Two recent studies have determined the detrimental impact child abuse has on adult disease susceptibility and development, particularly those with pain.
The first study sought to determine if “alleged” childhood abuse causes any changes in the release of daily cortisol, as major stress hormone in women experiencing chronic pain, either fibromyalgia or osteoarthritis.
Women with fibromyalgia or with osteoarthritis only (completed diaries and collected three saliva samples daily for 30 days, with compliance monitored electronically. Childhood abuse and neglect were assessed by self-report using the Childhood Trauma Questionnaire-short form. Analysis determined an association between abuse and cortisol levels, that were confirmed beyond other significant factors including depression, posttraumatic stress disorder (PTSD), and daily experience variables.
The results determined that the women who’d experienced the most severe child abuse had higher cortisol levels throughout the entire day.
Although different forms of maltreatment were interrelated, emotional and sexual abuse were most closely linked to cortisol levels. Fibromyalgia and osteoarthritis groups showed similar patterns of hormone release, and maltreatment was associated with elevated cortisol in both. Although maltreatment was also linked to depression and Post Traumatic Stress Disorder, these factors had no impact on the link between abuse and cortisol.
In women with chronic pain, self-reported childhood maltreatment was associated with higher diurnal cortisol levels. These results add to the evidence that abuse in childhood can induce long-term changes in brain, in particular, hypothalamic-pituitary-adrenocortical activity (an area linked with our response to stress). They also acknowledge the importance of evaluating childhood abuse history in fibromyalgia and other chronic pain conditions.

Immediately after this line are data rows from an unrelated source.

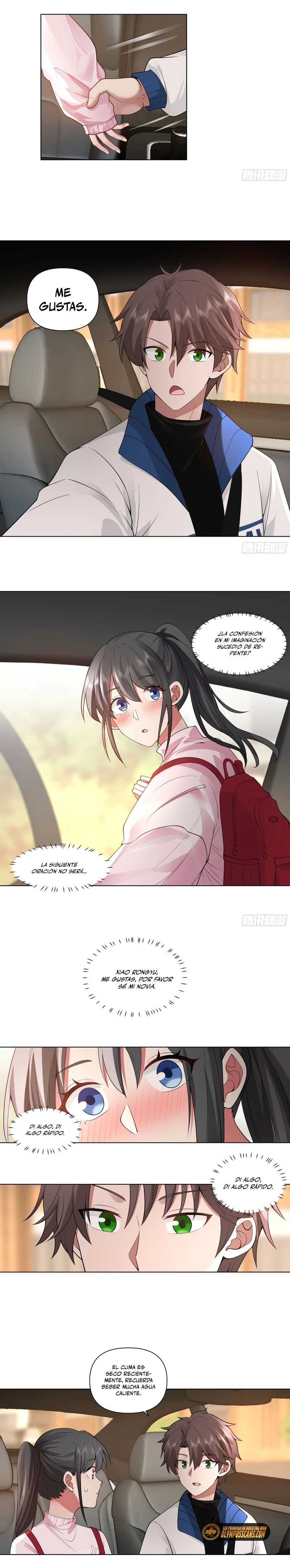 Realmente no quiero renacer Capítulo 115 - Page 8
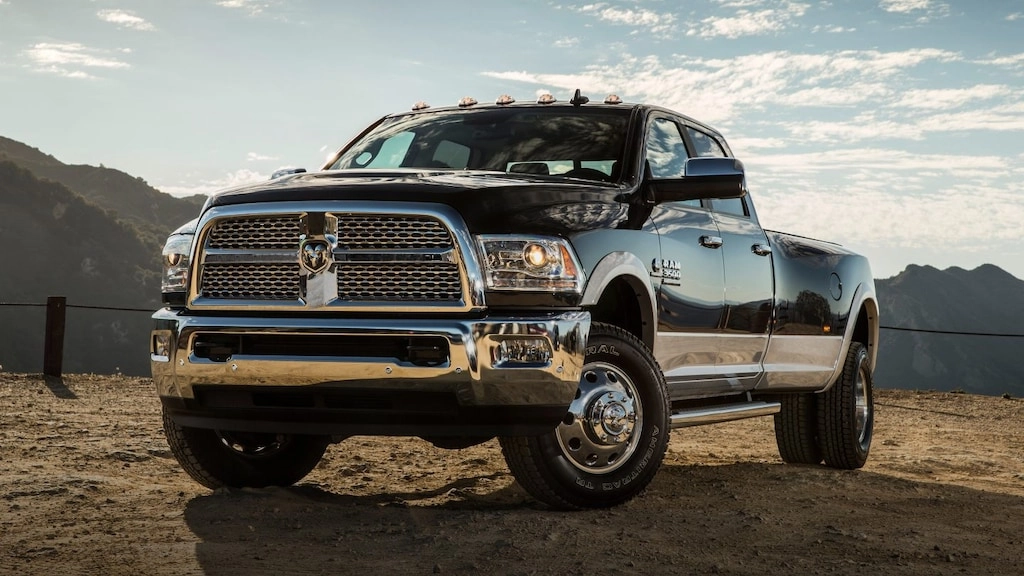 RAM 3500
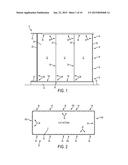 CLEANROOM WALL PANEL SYSTEM, AND METHOD diagram and image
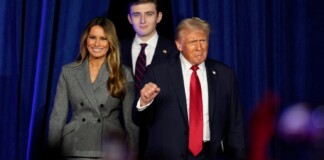 Antes de asumir, la Justicia estadounidense benefició a Trump en el caso por el asalto al Capitolio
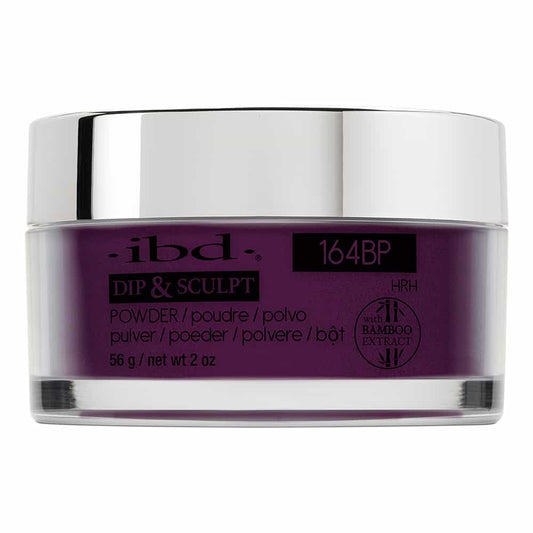 Light Gray IBD Dip&Sculpt Powder 2 oz/56 g HRH 164BP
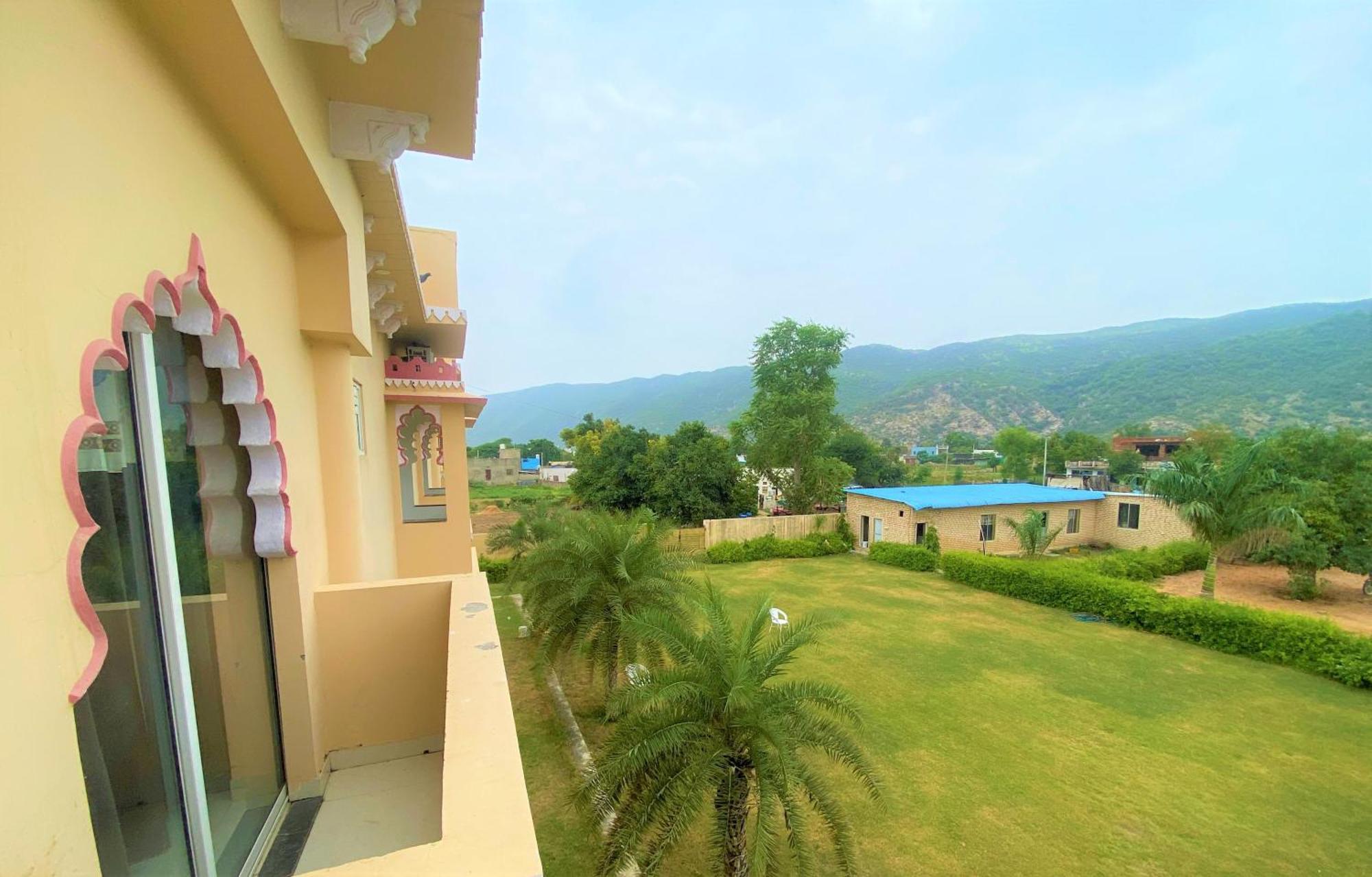 Horizon Resort-Feel Of The Nature Pushkar Eksteriør bilde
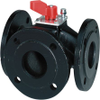 Pneumatic Manual Control Valves -- 2825287 - Image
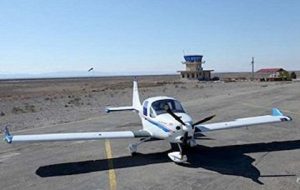 لغو پرواز هواپیماهای فوق سبک به دلیل‌ گرمای هوا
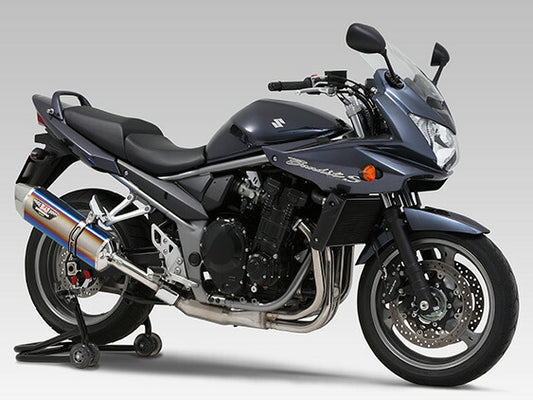 BANDIT1250/S/F Slip-On HEPTA FORC サイクロン EXPORT SPEC SMC 110-177-L02G0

The second study sought to determine a link between migraine headaches and childhood abuse. To evaluate in a headache clinic population the relationship of childhood maltreatment on the prevalence of pain conditions comorbid with migraine. BACKGROUND: Childhood maltreatment is highly prevalent and has been frequently associated with recurrent headache. The relationship of maltreatment and pain has, however, been a subject of some debate.
Data was collected and reviewed from people with migraine, seeking treatment in headache clinics at 11 centers located in Canada and the United States. These included irritable bowel syndrome (IBS), chronic fatigue syndrome (CFS), fibromyalgia (FM), interstitial cystitis (IC), arthritis, endometriosis, and uterine fibroids. Other information included demographics, migraine characteristics (frequency, headache-related disability), remote and current depression, and remote and current anxiety. Patients also completed the a Childhood Trauma Questionnaire regarding sexual, emotional, and physical abuse, and emotional and physical neglect under the age of 18 years old.
Over 1300 people with migraine headaches, 88% women, 12% men were included in this study, with an average of 41 years. Based on physician diagnosis or validated criteria, 31% had IBS, 16% had CFS, and 10% had FM. Diagnosis of IC was reported by 6.5%, arthritis by 25%, and in women, endometriosis was reported by 15% and uterine fibroids by 14%.
At least one pain condition was reported by 61%, 2 conditions by 18%, and 3 or more by 13%. Childhood abuse was acknowledged by 58% of the patients.
Emotional abuse was associated with increased prevalence of IBS, CFS, arthritis, and physical neglect with arthritis. In women, physical abuse was associated with endometriosis and physical neglect with uterine fibroids.
Emotional abuse, and physical abuse and neglect were also associated with increased total number of other conditions. Adjustments for sociodemographics and current depression that was present in 28% of the participants, and anxiety in 56%, determined emotional abuse and physical neglect were independently associated with an increased number of pain conditions. A comparison group of women, similarly, also had associations of emotional abuse and physical neglect with an increased incidence of pain.
The researchers determined that the relationship between childhood abuse and pain was significantly greater in those reporting multiple pain conditions and multiple maltreatment types. This finding suggests that in people experiencing migraine headaches, childhood abuse may be a risk factor for development of pain disorders.
Headache. 2010 Jan;50(1):42-51. Epub 2009 Oct 21.